A Portrait of the Artist at UT
Grammy winner Lucinda Williams once called RB Morris "the greatest unknown songwriter in the country." Maybe he is. But in Knoxville and at the University of Tennessee, he’s one of our own and we know him well.
Morris has been the UT Libraries’ Jack E. Reese Writer-in-Residence since 2004, but this is his final semester on campus.
Morris, who grew up in Knoxville, is widely known for writing songs, poetry, prose, and plays and for singing and playing his guitar. People have tried all sorts of ways to describe his music, calling it a blend of country, blues, gospel and rock with influences from beatniks to writers such as James Joyce and Arthur Rimbaud.
Morris collaborated with Williams, Steve Earle and John Prine on his debut CD "Take That Ride" in 1997. "I think I’ve always performed, as far back as I can remember," Morris said. "I sang in church and school as a child. But through my teenage years I became focused on poetry and songwriting as an ultimate form of expression."

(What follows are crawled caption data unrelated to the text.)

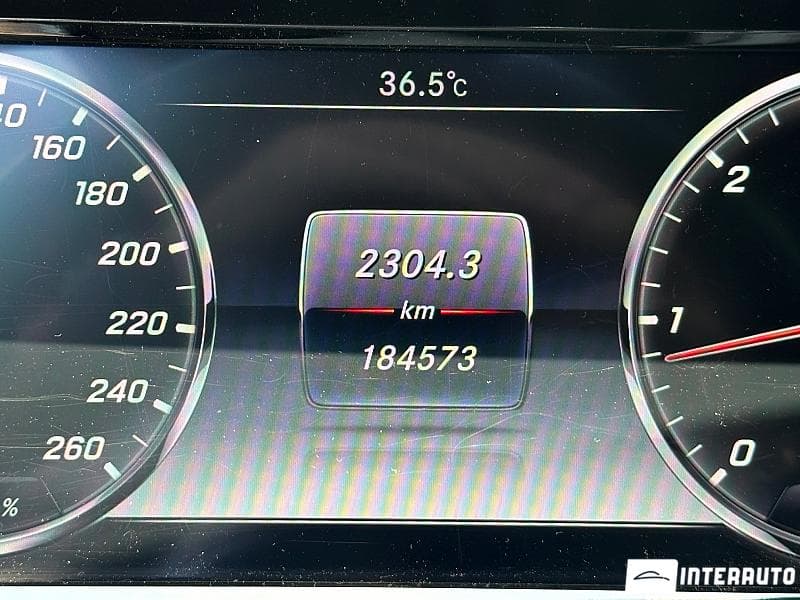 Mercedes S 350 2017 — Миниатюра 7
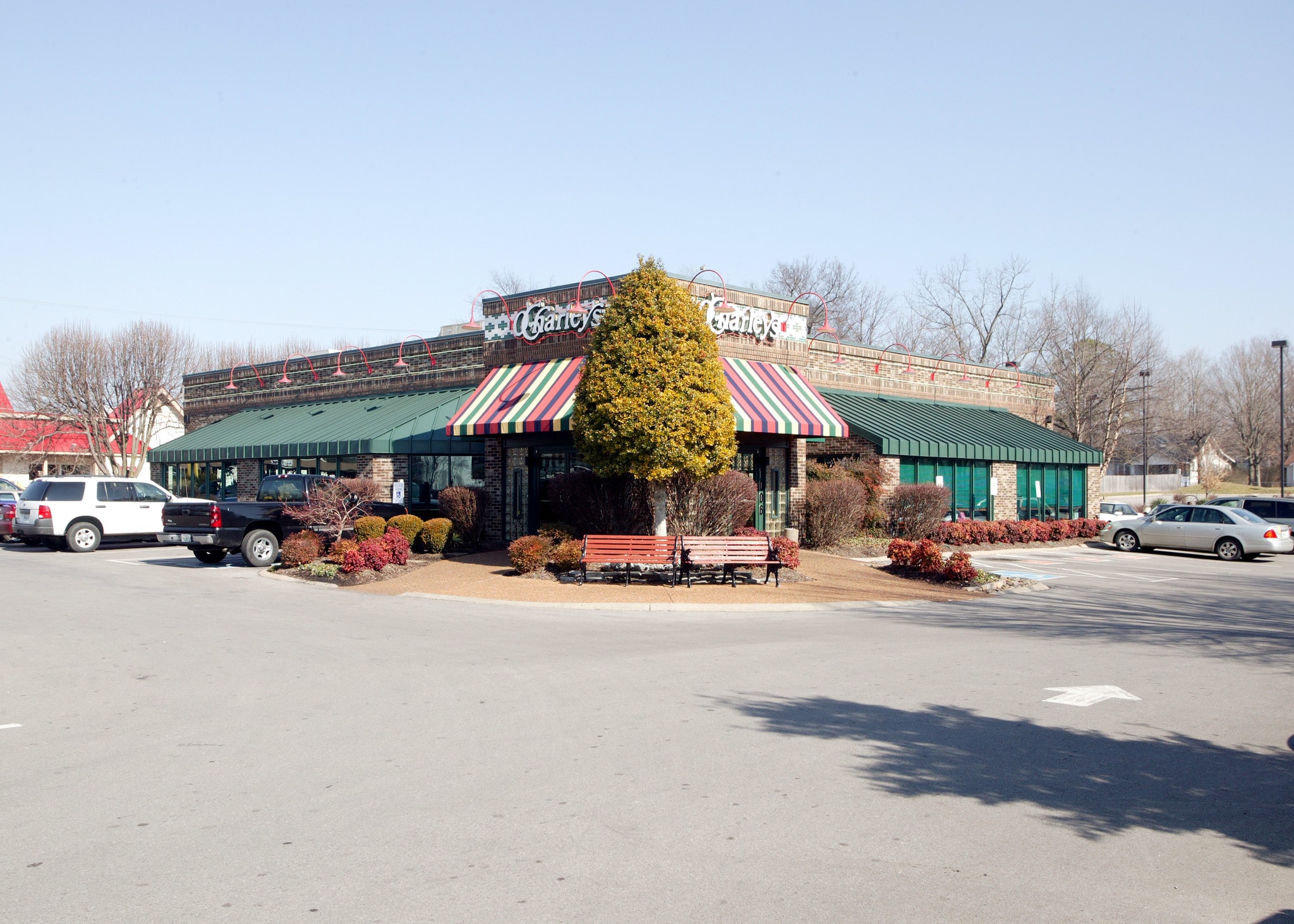 1006 Memorial Blvd, Murfreesboro, TN for sale Primary Photo- Image 1 of 1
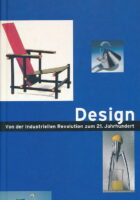 Auf einen Blick. Design von der industrielle...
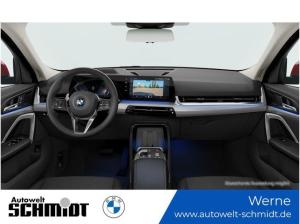 BMW X2 sDrive20i + GARANTIE-bis-01.2030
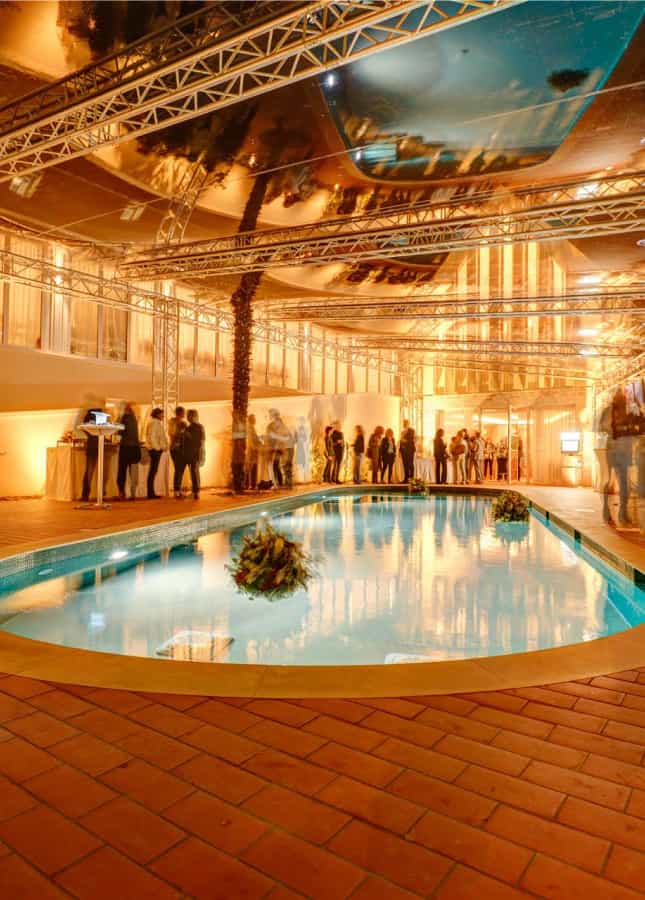 Comment organiser une soirée d'inauguration ?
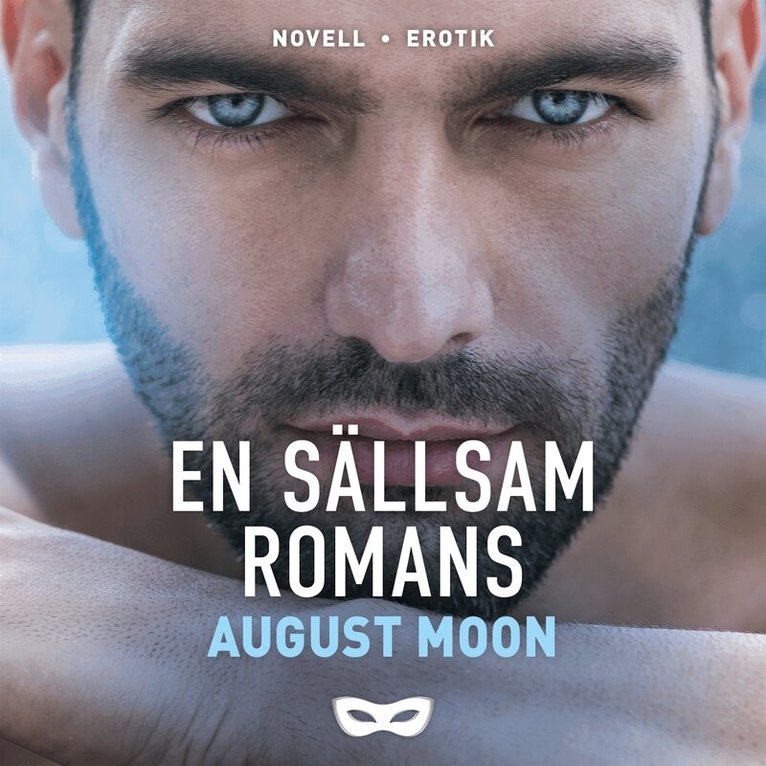 August Moon - En sällsam romans, Ljudbok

"For me, it is the soul’s work. I might have had a choice in it at some point, but I kind of doubt that too."
Morris organizes the Writers in the Library series, and he has invited songwriters along with poets and prose writers to read their work at UT.
"RB was selected because of his creativity and reputation. He is unique in his talent as a songwriter, poet, playwright and musician. He employs many mediums to express himself," said Barbara Dewey, dean of UT Libraries.
Morris is proving that songwriting—like poetry and other creative writing—has a place in academia. "It has a long tradition, older than the printing press, going back to Homer," he said.
The other part of Morris’ job is to write. And Morris has accomplished much while at UT.
"Early Fires," a single-volume collection of three earlier books of poetry, was published last year by Iris Press. A new book of poetry called "Keeping the Bees Employed" will go to press soon. His newest release, "Empire," contains five new songs, and Morris has recently been back in the recording studio.
He has also kept up with performing — traveling across the country, touring Europe and playing at Bonnaroo.
Known by many in Knoxville for his promotion of Pulitzer Prize-winning author James Agee who once lived in Fort Sanders, Morris wrote a one-man play about Agee called "The Man Who Lives Here is Loony." He played the part of Agee at the UT Agee Celebration in 2005. He has also worked diligently on the James Agee Park project in the Fort.
"I consider all this to be art, and all of it to be an extension of my own personal vision as well as a vision for the city," he said.
RB Morris lives in Knoxville with his wife, Karly. When his UT residency is over, he plans to tour the UK and then take a sabbatical in San Francisco.